Es sei eine heikle Situation, man müsse abwarten, wie das Landesgericht vorgehe und was weiter geschehe. In der Befragung Blümels werde es auch um die bisher erfolgten Aktenlieferungen gehen, die laut Auskunft einer Mitarbeiterin des Finanzministeriums auf Weisung erfolgten.

FPÖ kritisiert langsames Handeln

Hätte Bundespräsident Alexander Van der Bellen beim Exekutionsantrag gleich gehandelt, hätte der Ausschuss die fehlenden Akten aus dem Finanzministerium schon längst erhalten, meinte Hafenecker.

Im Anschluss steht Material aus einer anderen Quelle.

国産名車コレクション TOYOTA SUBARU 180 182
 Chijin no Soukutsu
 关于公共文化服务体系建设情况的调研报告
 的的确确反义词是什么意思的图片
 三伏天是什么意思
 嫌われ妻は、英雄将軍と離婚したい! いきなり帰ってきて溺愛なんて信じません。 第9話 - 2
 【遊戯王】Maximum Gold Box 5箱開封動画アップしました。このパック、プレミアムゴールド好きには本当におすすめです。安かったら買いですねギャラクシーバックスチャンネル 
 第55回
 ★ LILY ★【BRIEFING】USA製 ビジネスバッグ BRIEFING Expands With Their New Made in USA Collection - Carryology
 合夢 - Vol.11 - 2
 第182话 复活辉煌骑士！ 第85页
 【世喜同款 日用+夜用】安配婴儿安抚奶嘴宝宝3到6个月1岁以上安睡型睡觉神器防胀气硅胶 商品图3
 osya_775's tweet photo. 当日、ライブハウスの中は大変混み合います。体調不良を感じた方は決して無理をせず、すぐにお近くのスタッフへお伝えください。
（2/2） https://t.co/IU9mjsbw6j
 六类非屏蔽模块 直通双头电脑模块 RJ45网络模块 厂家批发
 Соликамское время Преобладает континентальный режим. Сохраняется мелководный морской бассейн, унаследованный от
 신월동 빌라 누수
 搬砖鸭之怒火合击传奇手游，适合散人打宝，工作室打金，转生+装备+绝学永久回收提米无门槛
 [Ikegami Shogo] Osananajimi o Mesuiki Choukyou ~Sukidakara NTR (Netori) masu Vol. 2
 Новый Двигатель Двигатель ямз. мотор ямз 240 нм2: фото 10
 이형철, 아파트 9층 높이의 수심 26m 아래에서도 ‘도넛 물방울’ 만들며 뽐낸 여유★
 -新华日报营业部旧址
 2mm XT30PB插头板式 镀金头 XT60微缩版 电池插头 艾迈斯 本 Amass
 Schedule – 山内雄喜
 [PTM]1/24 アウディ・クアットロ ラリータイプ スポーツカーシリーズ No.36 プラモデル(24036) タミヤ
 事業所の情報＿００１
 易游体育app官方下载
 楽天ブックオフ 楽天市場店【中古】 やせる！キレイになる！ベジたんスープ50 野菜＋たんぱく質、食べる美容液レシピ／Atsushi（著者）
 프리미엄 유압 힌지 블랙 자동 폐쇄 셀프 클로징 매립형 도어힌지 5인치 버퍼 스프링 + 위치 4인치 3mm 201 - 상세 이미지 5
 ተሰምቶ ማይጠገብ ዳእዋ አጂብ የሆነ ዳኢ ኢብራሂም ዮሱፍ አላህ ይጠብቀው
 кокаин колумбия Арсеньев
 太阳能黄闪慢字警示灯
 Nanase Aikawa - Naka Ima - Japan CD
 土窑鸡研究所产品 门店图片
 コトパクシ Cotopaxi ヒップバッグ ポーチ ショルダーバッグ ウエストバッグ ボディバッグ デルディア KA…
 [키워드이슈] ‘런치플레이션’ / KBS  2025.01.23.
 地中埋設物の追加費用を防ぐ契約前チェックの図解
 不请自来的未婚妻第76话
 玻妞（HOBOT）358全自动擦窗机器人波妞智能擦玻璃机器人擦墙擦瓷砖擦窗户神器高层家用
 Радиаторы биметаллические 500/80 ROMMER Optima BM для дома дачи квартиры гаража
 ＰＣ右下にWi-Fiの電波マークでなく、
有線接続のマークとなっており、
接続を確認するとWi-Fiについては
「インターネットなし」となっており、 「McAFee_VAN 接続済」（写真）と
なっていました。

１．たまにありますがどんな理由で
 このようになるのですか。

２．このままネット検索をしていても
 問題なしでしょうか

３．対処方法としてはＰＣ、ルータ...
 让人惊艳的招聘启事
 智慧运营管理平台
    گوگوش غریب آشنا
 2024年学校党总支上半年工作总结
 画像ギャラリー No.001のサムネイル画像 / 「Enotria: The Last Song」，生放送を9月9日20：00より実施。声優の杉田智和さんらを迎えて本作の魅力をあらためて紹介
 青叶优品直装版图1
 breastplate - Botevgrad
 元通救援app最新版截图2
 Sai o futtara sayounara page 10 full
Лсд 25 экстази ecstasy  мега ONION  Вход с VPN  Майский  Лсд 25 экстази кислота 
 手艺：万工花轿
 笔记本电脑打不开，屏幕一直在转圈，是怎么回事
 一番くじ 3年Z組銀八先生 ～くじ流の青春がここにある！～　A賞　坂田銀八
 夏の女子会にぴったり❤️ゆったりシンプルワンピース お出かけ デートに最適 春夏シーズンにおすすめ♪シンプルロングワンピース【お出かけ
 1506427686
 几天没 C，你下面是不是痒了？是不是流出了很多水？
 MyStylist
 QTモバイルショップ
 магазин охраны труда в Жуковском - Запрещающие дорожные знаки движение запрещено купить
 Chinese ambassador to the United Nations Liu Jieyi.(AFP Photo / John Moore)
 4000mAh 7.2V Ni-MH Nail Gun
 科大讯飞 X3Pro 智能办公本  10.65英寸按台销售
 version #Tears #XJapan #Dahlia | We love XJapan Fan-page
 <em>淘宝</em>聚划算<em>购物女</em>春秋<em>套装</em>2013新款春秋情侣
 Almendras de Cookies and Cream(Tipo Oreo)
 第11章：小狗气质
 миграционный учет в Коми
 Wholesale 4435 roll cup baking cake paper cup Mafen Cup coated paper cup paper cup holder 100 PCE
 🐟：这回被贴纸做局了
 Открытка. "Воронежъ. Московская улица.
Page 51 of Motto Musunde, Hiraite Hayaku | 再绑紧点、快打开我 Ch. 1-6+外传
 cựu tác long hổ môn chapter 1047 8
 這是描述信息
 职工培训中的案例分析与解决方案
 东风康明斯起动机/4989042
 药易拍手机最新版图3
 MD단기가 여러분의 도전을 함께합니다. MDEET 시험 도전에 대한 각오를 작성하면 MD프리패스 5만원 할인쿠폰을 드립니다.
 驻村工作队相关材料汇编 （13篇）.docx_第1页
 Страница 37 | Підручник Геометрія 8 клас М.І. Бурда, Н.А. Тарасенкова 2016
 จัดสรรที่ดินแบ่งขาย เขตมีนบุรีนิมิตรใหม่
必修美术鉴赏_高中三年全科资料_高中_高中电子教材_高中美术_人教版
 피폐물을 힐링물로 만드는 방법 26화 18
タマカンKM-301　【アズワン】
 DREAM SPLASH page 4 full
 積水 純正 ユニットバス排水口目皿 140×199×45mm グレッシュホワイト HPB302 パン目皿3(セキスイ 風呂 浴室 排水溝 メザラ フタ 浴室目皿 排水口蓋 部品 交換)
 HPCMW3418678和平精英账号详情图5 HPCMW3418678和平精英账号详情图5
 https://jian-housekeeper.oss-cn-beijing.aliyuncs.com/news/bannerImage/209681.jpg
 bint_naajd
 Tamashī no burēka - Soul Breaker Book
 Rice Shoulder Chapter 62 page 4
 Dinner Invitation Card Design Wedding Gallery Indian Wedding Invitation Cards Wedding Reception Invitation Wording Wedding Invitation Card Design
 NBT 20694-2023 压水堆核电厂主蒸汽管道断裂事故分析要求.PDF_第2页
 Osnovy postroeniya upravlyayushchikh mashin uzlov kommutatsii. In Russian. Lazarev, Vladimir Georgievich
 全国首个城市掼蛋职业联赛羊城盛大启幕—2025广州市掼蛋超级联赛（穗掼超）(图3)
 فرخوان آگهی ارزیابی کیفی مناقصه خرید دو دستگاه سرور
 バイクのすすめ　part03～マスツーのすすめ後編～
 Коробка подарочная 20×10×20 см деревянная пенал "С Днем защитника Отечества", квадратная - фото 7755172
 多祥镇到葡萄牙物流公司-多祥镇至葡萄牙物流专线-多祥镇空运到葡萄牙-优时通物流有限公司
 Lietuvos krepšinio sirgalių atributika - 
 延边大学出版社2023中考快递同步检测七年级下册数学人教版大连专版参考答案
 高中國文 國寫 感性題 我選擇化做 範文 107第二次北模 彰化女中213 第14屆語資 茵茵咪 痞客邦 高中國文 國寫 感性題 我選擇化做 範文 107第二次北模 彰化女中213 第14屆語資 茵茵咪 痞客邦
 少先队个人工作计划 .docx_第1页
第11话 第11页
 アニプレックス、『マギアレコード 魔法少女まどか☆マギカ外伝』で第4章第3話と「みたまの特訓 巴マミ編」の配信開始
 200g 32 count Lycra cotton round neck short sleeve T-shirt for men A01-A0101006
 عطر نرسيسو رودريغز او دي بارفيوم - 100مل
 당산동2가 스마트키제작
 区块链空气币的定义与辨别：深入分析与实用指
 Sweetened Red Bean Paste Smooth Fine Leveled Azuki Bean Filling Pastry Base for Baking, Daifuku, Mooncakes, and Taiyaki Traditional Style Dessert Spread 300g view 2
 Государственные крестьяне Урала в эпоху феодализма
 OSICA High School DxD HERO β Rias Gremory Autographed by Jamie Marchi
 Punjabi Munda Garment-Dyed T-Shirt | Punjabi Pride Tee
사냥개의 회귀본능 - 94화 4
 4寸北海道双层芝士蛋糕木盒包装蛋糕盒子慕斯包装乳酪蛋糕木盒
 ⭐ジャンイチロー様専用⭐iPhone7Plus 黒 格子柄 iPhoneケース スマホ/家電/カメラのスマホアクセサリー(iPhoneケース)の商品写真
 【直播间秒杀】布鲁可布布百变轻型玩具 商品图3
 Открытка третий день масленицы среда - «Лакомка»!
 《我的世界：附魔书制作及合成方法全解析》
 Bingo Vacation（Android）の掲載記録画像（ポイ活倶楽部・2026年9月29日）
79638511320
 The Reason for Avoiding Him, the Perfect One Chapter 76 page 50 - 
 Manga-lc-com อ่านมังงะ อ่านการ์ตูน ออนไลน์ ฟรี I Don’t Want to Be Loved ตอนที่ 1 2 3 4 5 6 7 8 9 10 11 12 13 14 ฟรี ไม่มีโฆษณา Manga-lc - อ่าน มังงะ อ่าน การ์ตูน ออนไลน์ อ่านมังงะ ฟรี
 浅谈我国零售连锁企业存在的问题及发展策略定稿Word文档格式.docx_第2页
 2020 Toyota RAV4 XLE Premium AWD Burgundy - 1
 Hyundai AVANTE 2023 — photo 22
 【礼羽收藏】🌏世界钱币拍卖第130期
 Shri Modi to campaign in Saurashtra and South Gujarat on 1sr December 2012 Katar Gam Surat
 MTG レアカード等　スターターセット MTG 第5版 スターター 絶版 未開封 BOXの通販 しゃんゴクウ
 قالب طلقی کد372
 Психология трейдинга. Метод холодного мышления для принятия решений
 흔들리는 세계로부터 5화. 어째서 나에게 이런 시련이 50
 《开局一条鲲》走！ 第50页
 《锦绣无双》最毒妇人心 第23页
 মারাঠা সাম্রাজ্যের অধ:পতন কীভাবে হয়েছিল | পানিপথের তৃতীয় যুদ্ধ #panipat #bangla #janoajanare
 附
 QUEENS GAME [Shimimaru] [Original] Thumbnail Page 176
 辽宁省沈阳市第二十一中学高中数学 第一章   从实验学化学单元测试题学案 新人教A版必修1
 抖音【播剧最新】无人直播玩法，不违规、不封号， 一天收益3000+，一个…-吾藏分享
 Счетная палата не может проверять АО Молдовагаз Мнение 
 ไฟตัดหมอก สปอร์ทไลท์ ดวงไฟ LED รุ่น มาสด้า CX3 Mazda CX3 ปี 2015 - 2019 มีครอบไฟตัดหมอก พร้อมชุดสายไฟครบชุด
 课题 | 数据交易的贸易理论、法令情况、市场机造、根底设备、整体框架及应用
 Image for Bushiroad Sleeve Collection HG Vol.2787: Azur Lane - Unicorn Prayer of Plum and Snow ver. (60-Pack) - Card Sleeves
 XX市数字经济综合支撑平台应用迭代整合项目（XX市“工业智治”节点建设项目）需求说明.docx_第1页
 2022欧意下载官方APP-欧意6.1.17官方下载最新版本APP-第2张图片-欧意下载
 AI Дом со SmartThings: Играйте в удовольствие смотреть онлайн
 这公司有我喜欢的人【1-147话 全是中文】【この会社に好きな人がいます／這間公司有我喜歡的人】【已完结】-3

Er unterstellte dem Bundespräsidenten, mit Blick auf die Wahl nächstes Jahr mit seinem Handeln auf Unterstützung der ÖVP zu spekulieren.

Die FPÖ will laut Hafenecker Sobotka speziell zum Treffen mit dem abgetauchten Ex-Wirecard-Manager Jan Marsalek befragen. Blümel wolle man zu den jüngst bekanntgewordenen Chats befragen. Warum der Ausschuss nicht weitergeführt wird, verstehe die FPÖ nicht, so Hafenenecker.

NEOS weist Vorwurf der Feigheit zurück

Krisper sieht vor allem Van der Bellen, der schnell reagiert habe, durch eine Nichtverlängerung brüskiert. Blümel sei von Tag eins verpflichtet gewesen, die Akten zu liefern. Den Vorwurf der ÖVP, NEOS wäre feig und würde nur anonym anzeigen, wies sie zurück.

Die politische Verantwortung kenne keine Verjährung, sagte Krainer mit Bezug auf die Befragung Sobotkas. Von Blümel erhoffe er sich mehr Antworten als bisher. Krainer erneuerte einmal mehr die Forderung der Opposition, den Ausschuss zu verlängern.

Wort gegen Wort bei Thema Mail-Lieferung

Gefragt nach dem Vorwurf der ÖVP, dass die verlangte Mail ohnedies bereits geliefert wurde, sagte Krainer, das sei grundsätzlich möglich, es seien aber bekanntlich alle Akten nur in Papierform geliefert worden und damit rechtswidrig.

Man könne die vielen Ordner auch nicht einfach durcharbeiten, um zu schauen, ob die Mail wirklich geliefert wurde – die Mail sei aber keinesfalls elektronisch geliefert worden, das habe man gegenüber dem Bundespräsidenten auch immer so argumentiert.